Em causa estão declarações do Presidente da República português, Marcelo Rebelo de Sousa, em que reconheceu a responsabilidade de Portugal por crimes cometidos durante a era colonial, sugerindo o pagamento de reparações pelos erros do passado.

"Temos de pagar os custos. Há ações que não foram punidas e os responsáveis não foram presos? Há bens que foram saqueados e não foram devolvidos? Vamos ver como podemos reparar isto", afirmou Marcelo, num jantar com correspondentes estrangeiros em Portugal, citado pela agência Reuters.

Para o escritor angolano, a livre circulação de pessoas entre Portugal e os países africanos está entre as opções que podem ser adotadas no âmbito desta ideia de “reparação histórica”.

Passaporte lusófono

“Há muitos anos que se fala na criação de um passaporte lusófono. É tempo de todos nós nos debruçarmos sobre isso e tentar criar o tal passaporte. Essa é a melhor reparação que se pode fazer: facilitar o trânsito das pessoas nestes territórios”, declarou.

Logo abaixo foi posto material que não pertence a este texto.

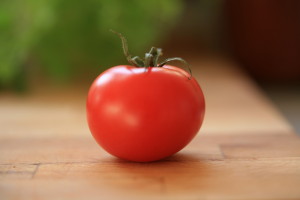 Tomato-on-cuttingboard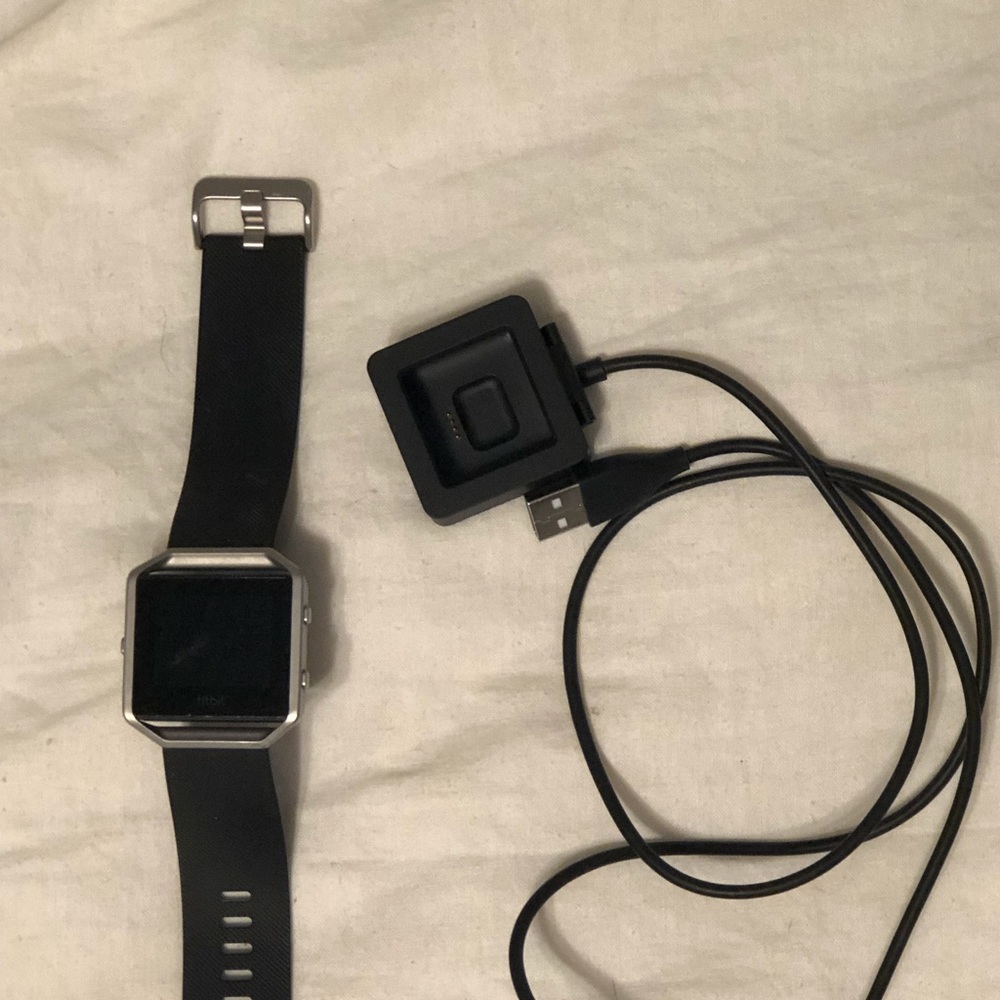 Fitbit blaze + charger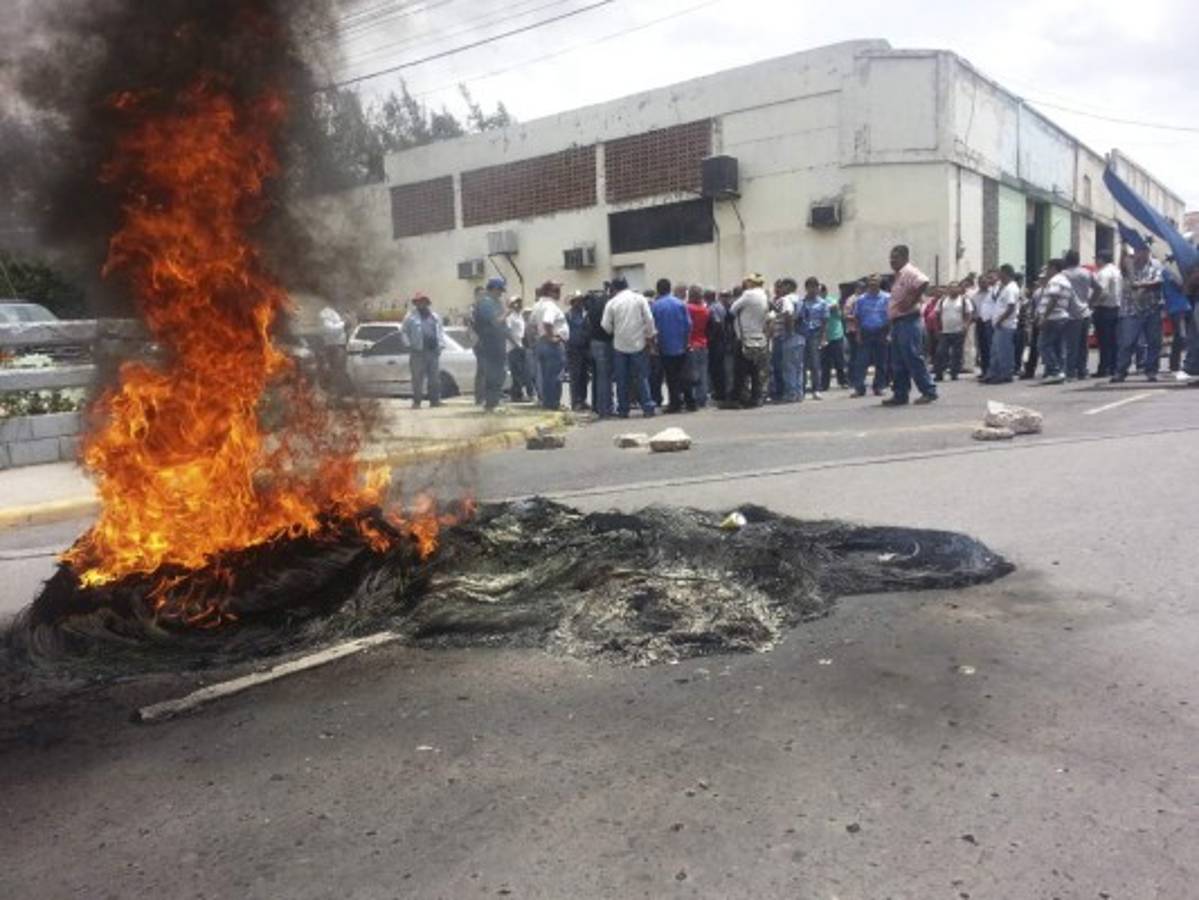 Empleados del SANAA se toman primera avenida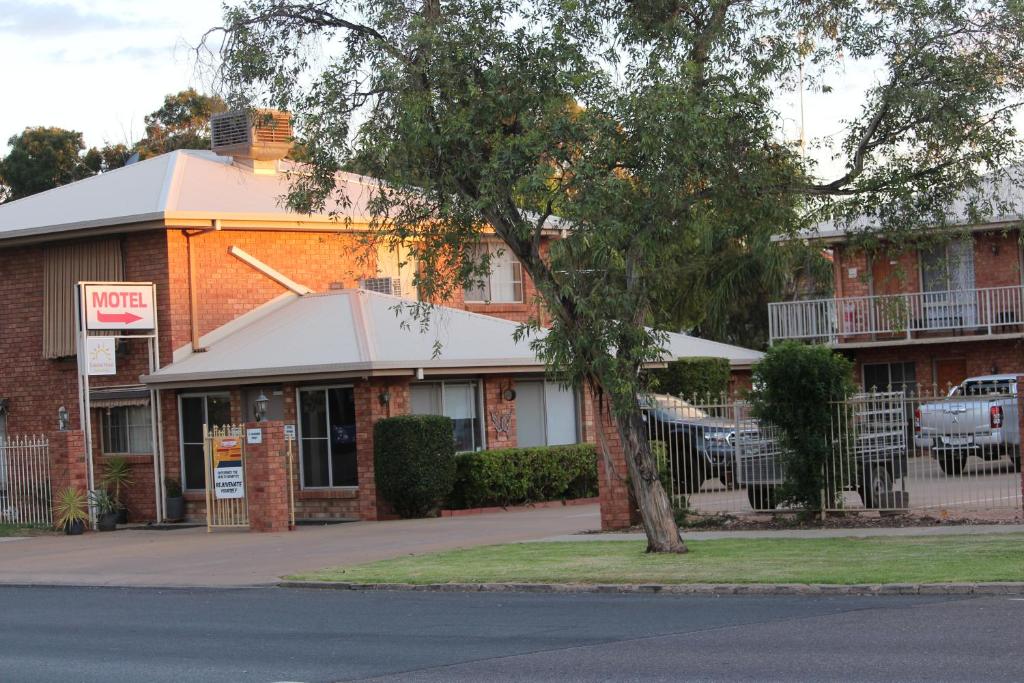 Red Cliffs Colonial Motor Lodge, Mildura Region — Hotel in Red Cliffs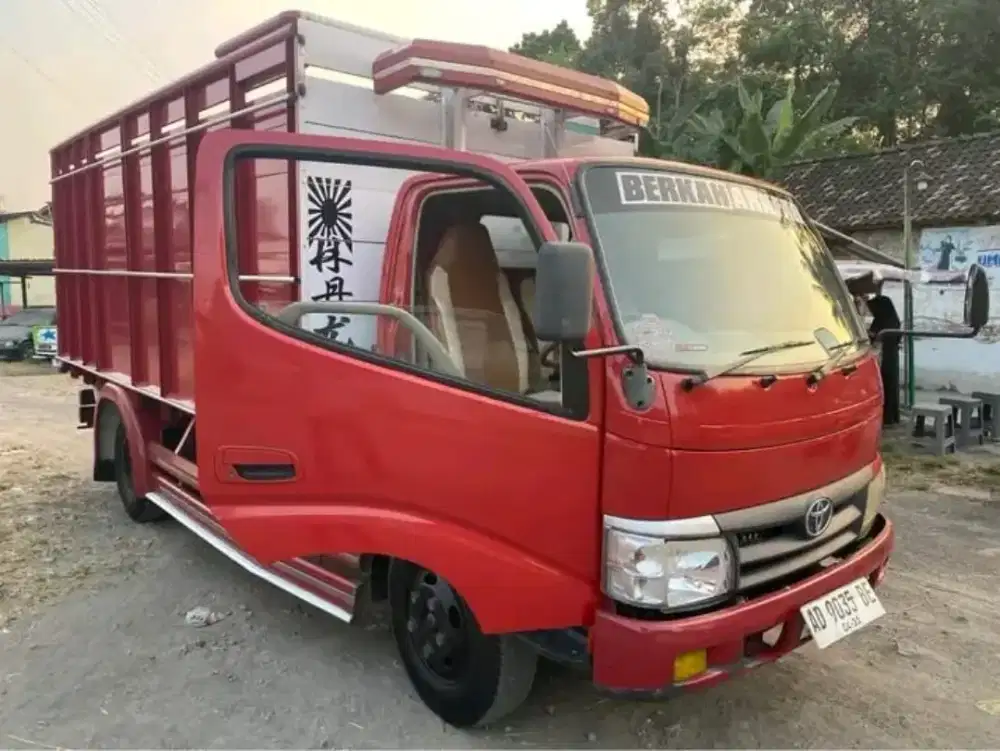 Jual truk Dyna 110 FT 2015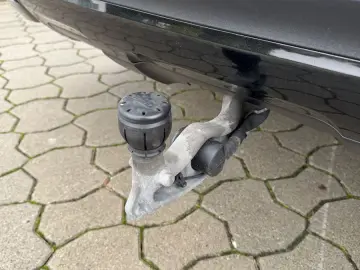 GLE 350 d e 4Matic AMG-line Night AHK FOLIERT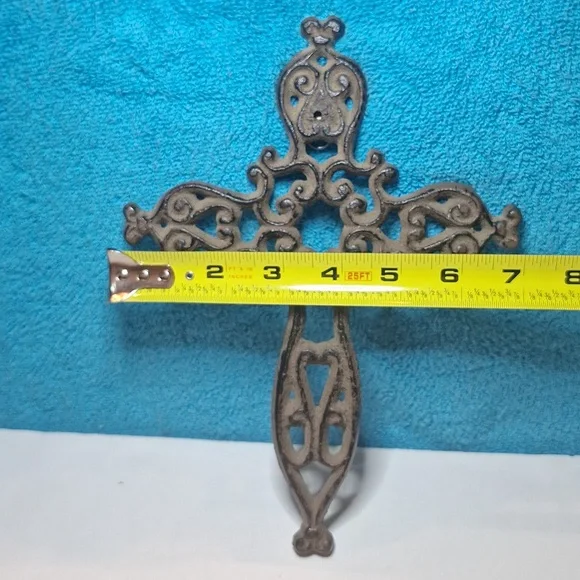 Cast Iron Cross - Picture 5 of 6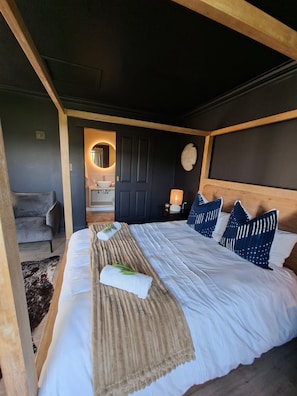 Unclassified image, 4 of 19, button - Forest Nature Spa (Plettenberg Bay)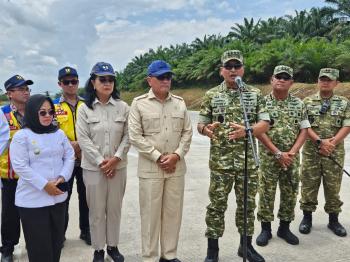 TNI Angakatan Udara Gelar Uji Coba Pendaratan Pesawat Tempur di Ruas Tol Trans Sumatera Lampung 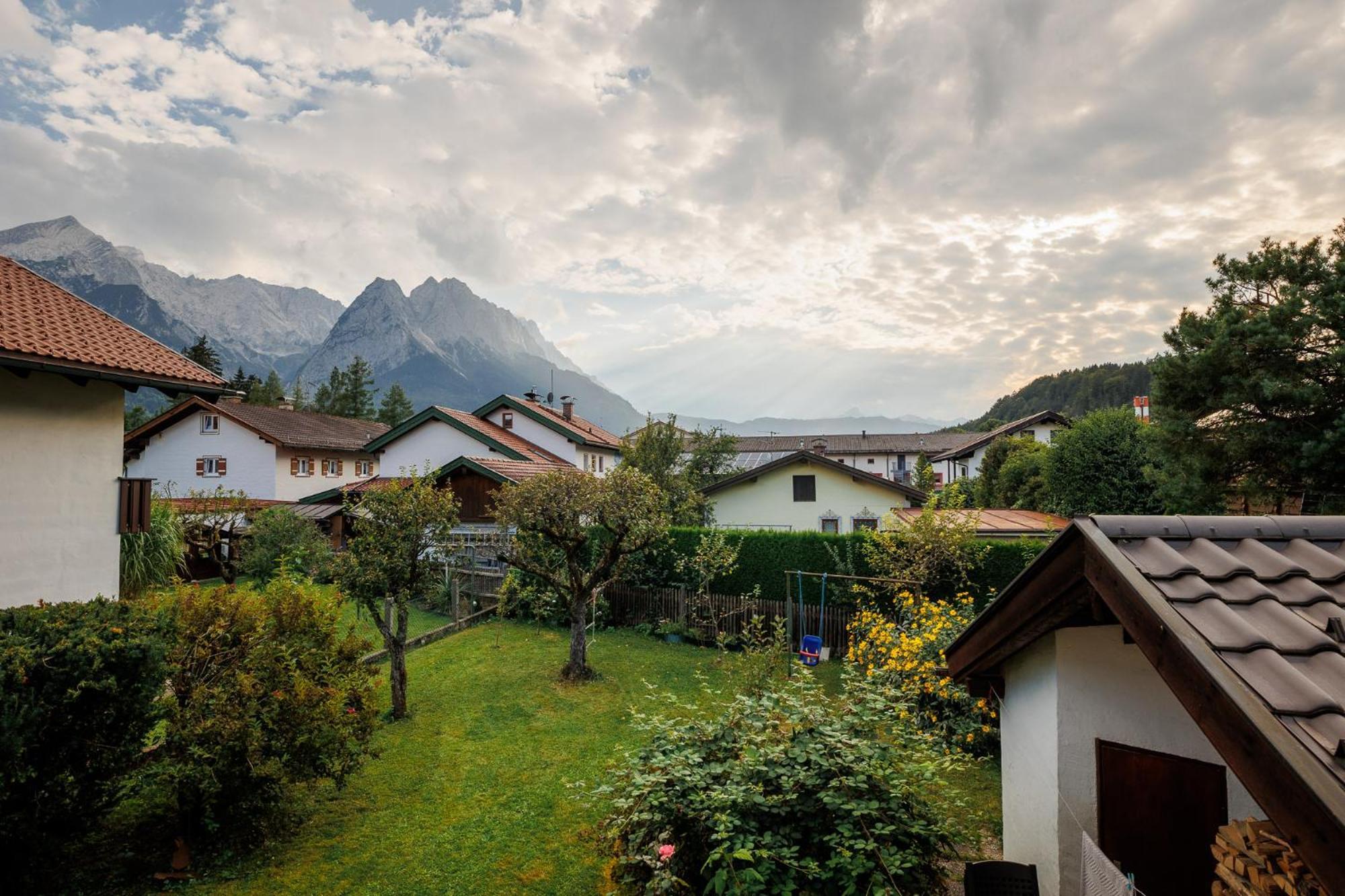 Haus Mit Wunderschoenem Ausblick Und Garten Garmisch-Partenkirchen Eksteriør billede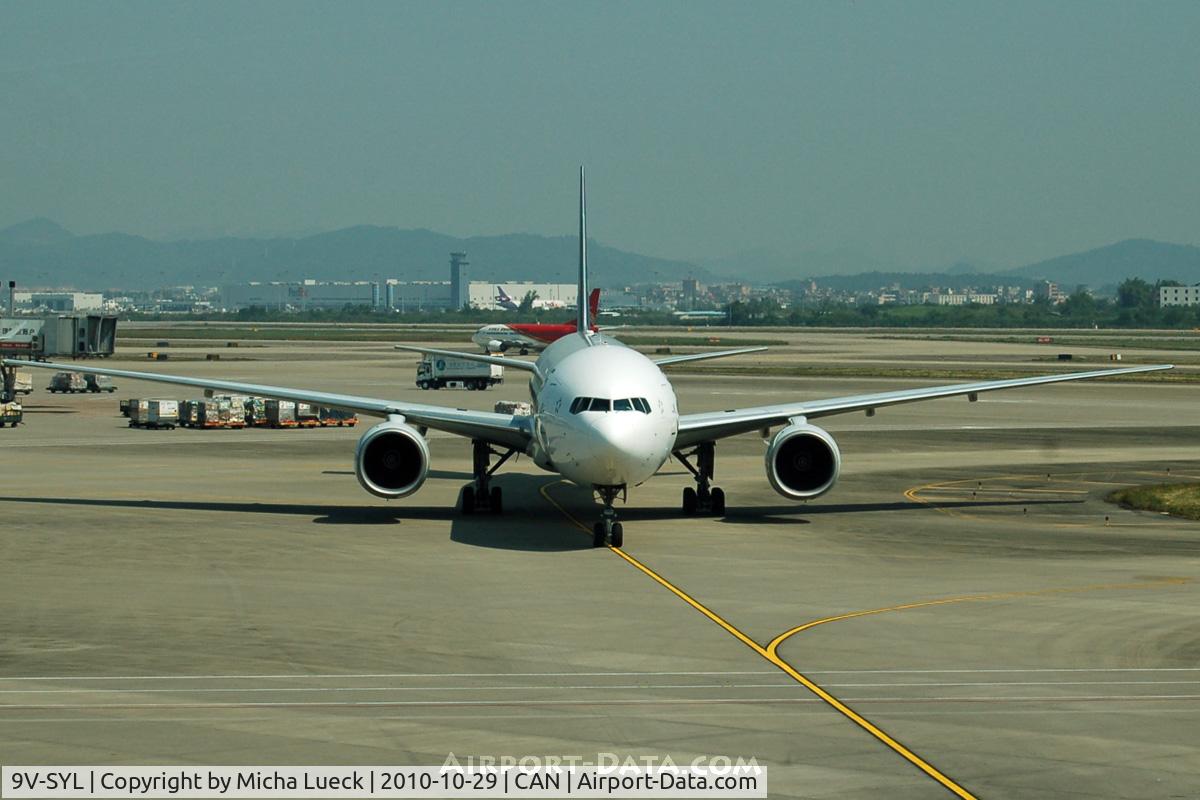 9V-SYL, 2005 Boeing 777-312 C/N 33376, At Guangzhou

José Eduardo Agualusa também defende a necessidade de reflexão sobre outras formas de narrar a guerra colonial, considerando que nas antigas colónias existem outras versões que devem também ser ouvidas.

“Existe uma versão em Portugal sobre o processo colonial. Mas os angolanos têm outras versões. Os moçambicanos têm outras versões. Os brasileiros têm outras versões. Então, os próprios livros de história deveriam ser redigidos em conjunto. Um livro de história sobre este processo colonial deveria contar com historiadores portugueses, mas também africanos e brasileiros. E essas diferentes versões da história deveriam estar disponíveis nos bancos da escola”, acrescentou.

As declarações de Marcelo Rebelo de Sousa, que antecederam as comemorações dos 50 anos do 25 de Abril, suscitaram um debate em Portugal, com o Chega pedir o agendamento de um debate de urgência no parlamento para que o Governo esclareça se está a ser equacionada a atribuição de eventuais “indemnizações às antigas colónias”.